Near the end of last school year, it was announced that the Library Science building would close before the start of the 2023-2024 school year due to the deteriorating condition of the facility.
This year, with the Teacher’s Lounge converted into an art classroom and some teachers working from rolling carts, the makeup of the school looks very different.
But what is the long-term plan?
Principal David Sunich offers some insight into the future of PHS without the building.
“The old Library Science building is completely shut down; [we have] no staff or students in there. We still have some materials in there that are waiting on the space they’re going to go to. We can access them, but it’s not a spot we’re supposed to be going into,” Sunich said.
The school is currently going through the process of gaining approval for the building to be torn down.
“We do have plans in place to have six new portables added to our campus that go out behind portables 1, 2, 3, 4, 5, kind of right in that grassy area behind there. And the plan is, if all goes well, we’ll have those ready to go to start next school year. So that should provide us with enough classroom spaces so all teachers will have their own classroom,” Sunich said.
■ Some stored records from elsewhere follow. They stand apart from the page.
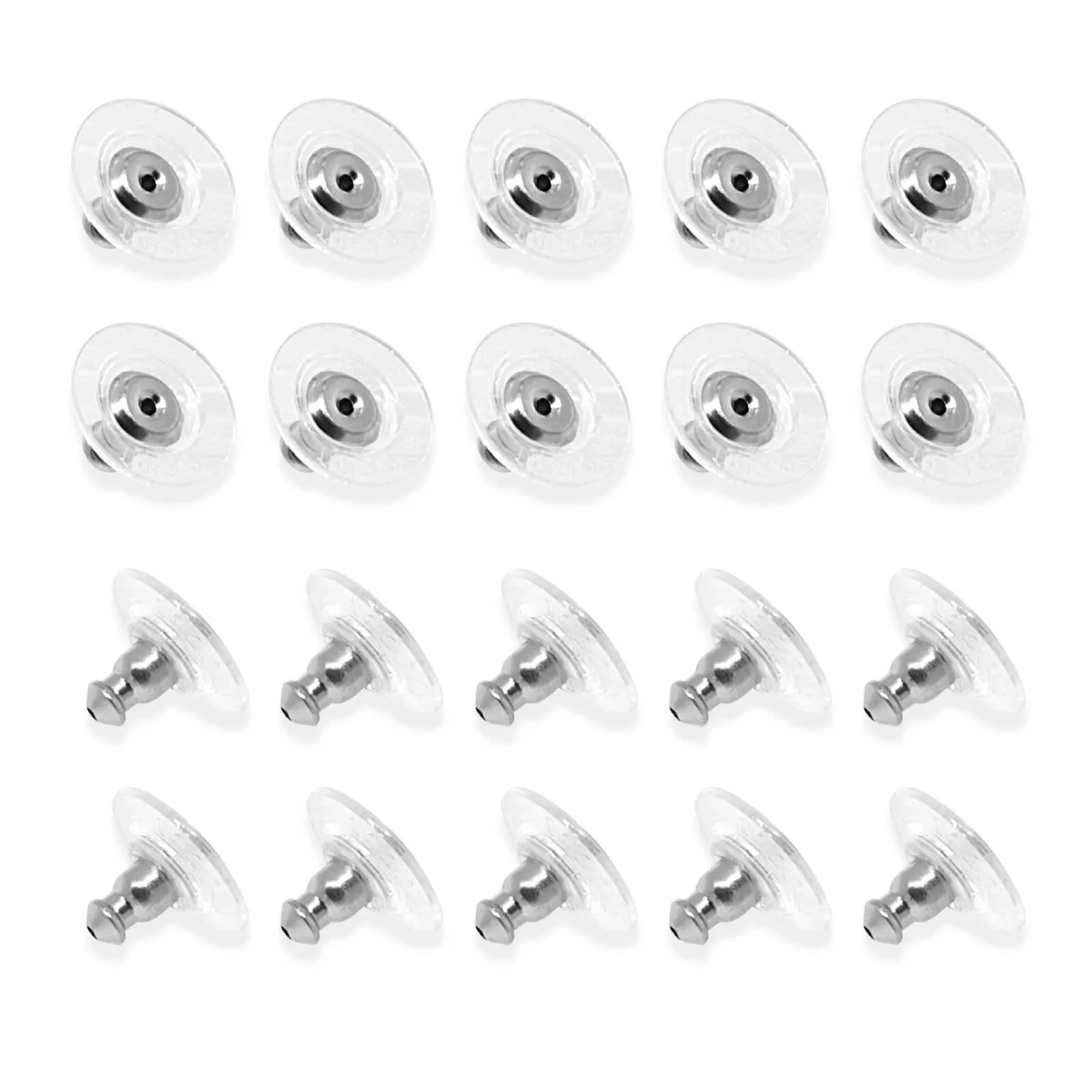 1928 Jewelry 20 Pair Pack Bullet Clutch Earring Backs With Round Safety Backs 1928 Jewelry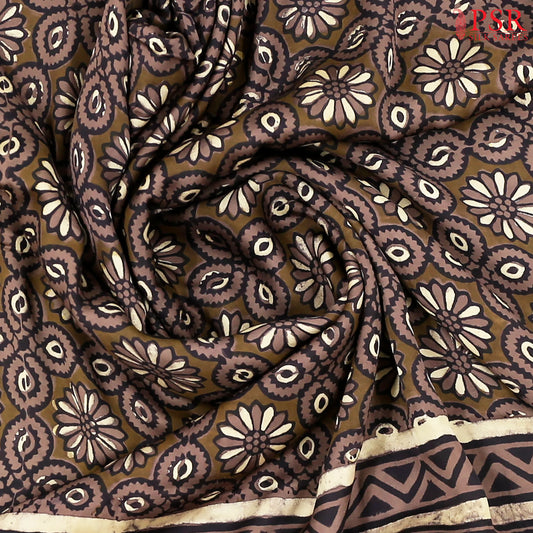 Olive Brown Modal Silk Saree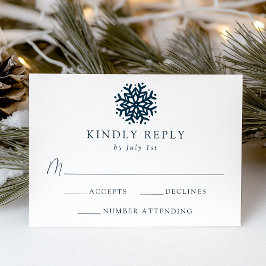 Cartons Réponse Simple mariage flocon de neige Navy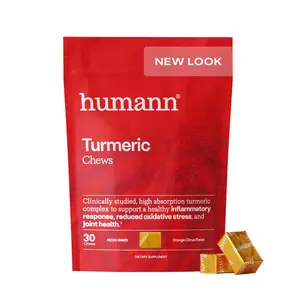 Humann Turmeric Chews - Anti-Inflammatory Support & Joint Health, High-Absorption Curcumin Complex, Powerful Antioxidant Benefits, Orange Citrus Flavor, 30 Count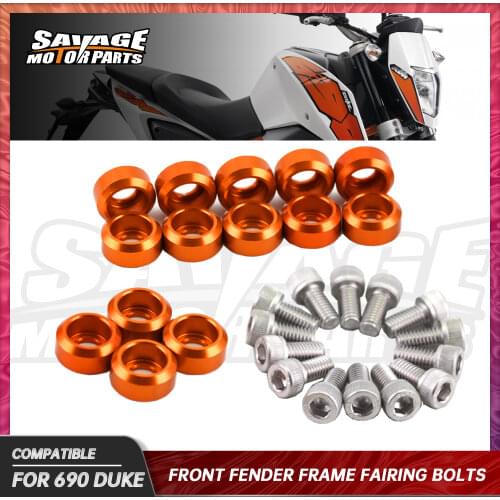 14 PCS Front Fender Frame Fairing Screw Bolts Kit For 690 DUKE R 2012-2018 15 16 17 Motorcycle Accessories Body Mount Nuts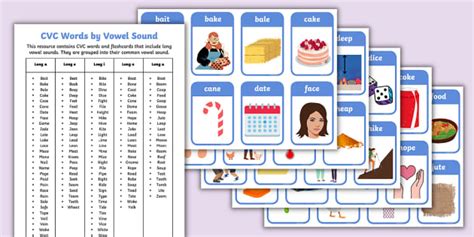 CVC Word Flashcards: Long Vowel Flashcards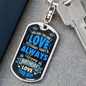 Wife To Husband Birthday One Keychain Stainless Steel or 18k Gold Dog Tag Keyring-Express Your Love Gifts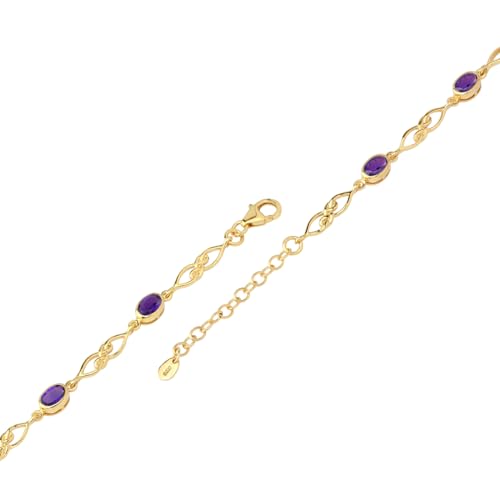 Image of Silvershake Birthstone Gemstones White Gold Plated or Yellow Gold Plated 925 Sterling Silver Scroll /Filigree Celtic Knot Weave 7.25 to 8.75 Inch with Adjustable Extension Bracelet Jewelry for Women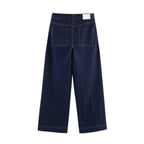 Women Clothing Long Sleeve Collared Denim Jacket Trousers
Currently, two teachers teach by moving between classrooms on rolling carts, which was the only option as the school doesn’t have enough classrooms for every teacher to have their own room.
“Arthur Welch is our new social studies teacher, and he teaches most of his classes just on the second-floor hallway now in different people’s classrooms for each of his periods. And then [Melanie] Muller, one of our art teachers, teaches within the other two art teachers’ classrooms and then she has one in another classroom,” Sunich said.
While the building is officially closed and power has been shut off, the building is still used to store materials and textbooks that have no place to go.
“Once we’re able to remove all those books and get them to where they’re going to be housed, once we’re finished preparing the science lab that was created here in the main building, so all those science materials can be taken out of there… then it will be condemned to be permanently locked up so nobody will go in and out and then it will be officially shut,” Sunich said.